▸ **TASK DIRECTIONS**: Return the data below unchanged, without images.

▸ **AVAILABLE DATA**:
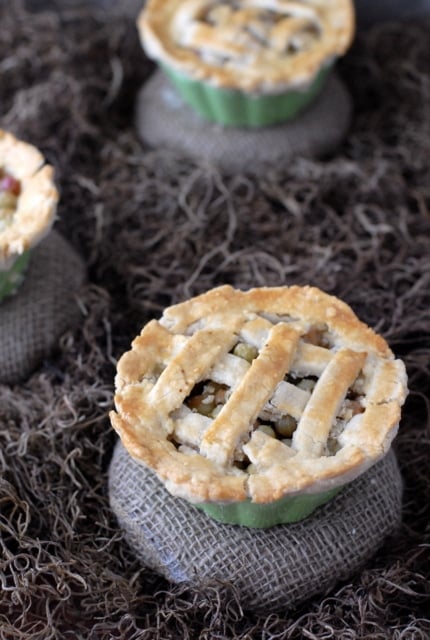 Tiny Gooseberry Pies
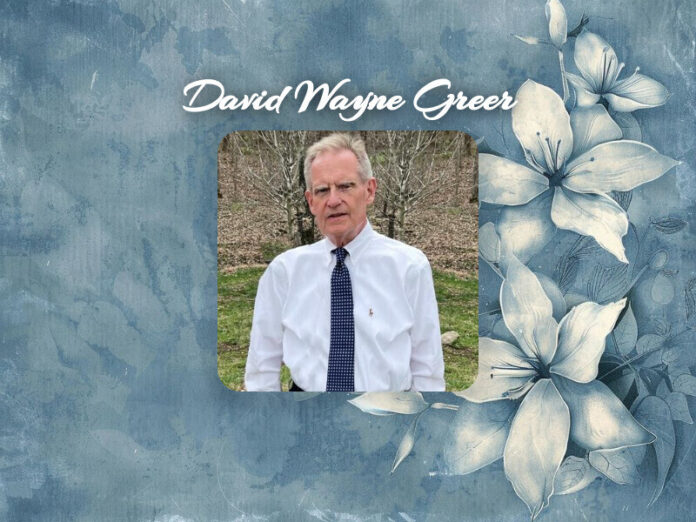 David Wayne Greer Obit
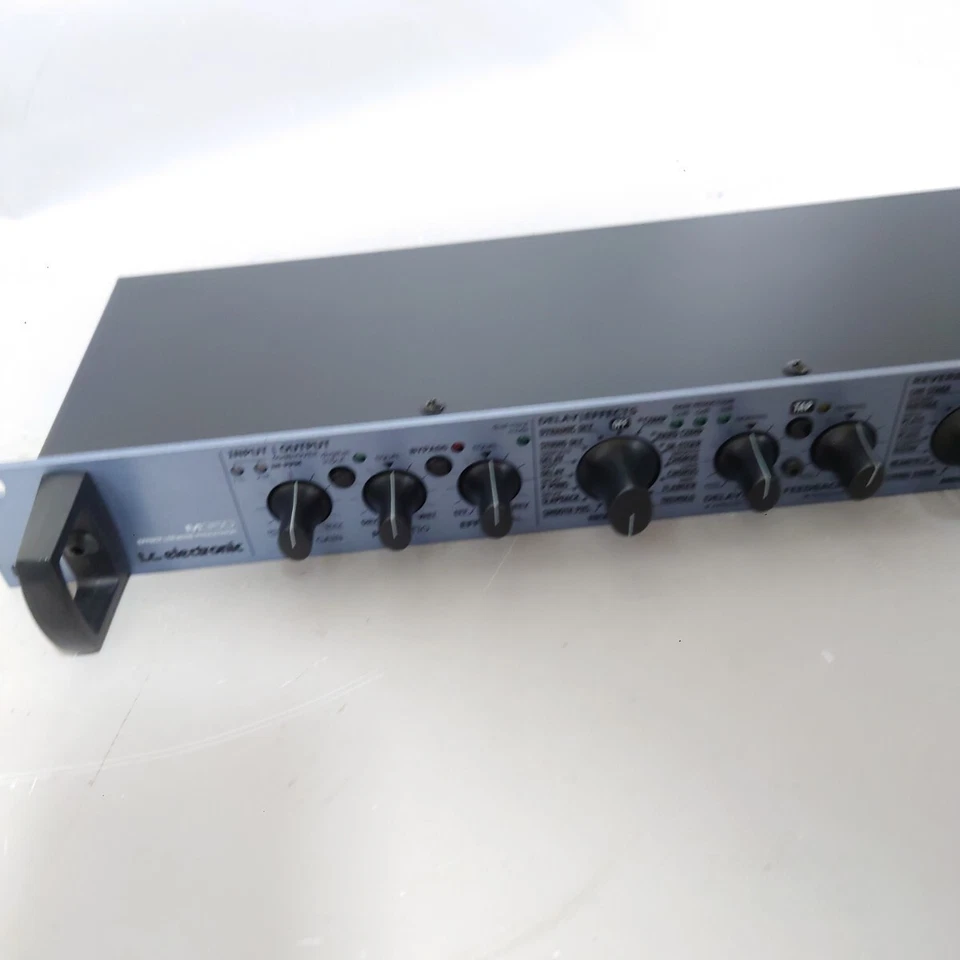TC Electronic M350 Reverb and Effects Processor working unit Free Shipping japan - Image 3 of 3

▸ **WRITTEN ANSWER**:
 Tiny Gooseberry Pies
 David Wayne Greer Obit
TC Electronic M350 Reverb and Effects Processor working unit Free Shipping japan - Image 3 of 3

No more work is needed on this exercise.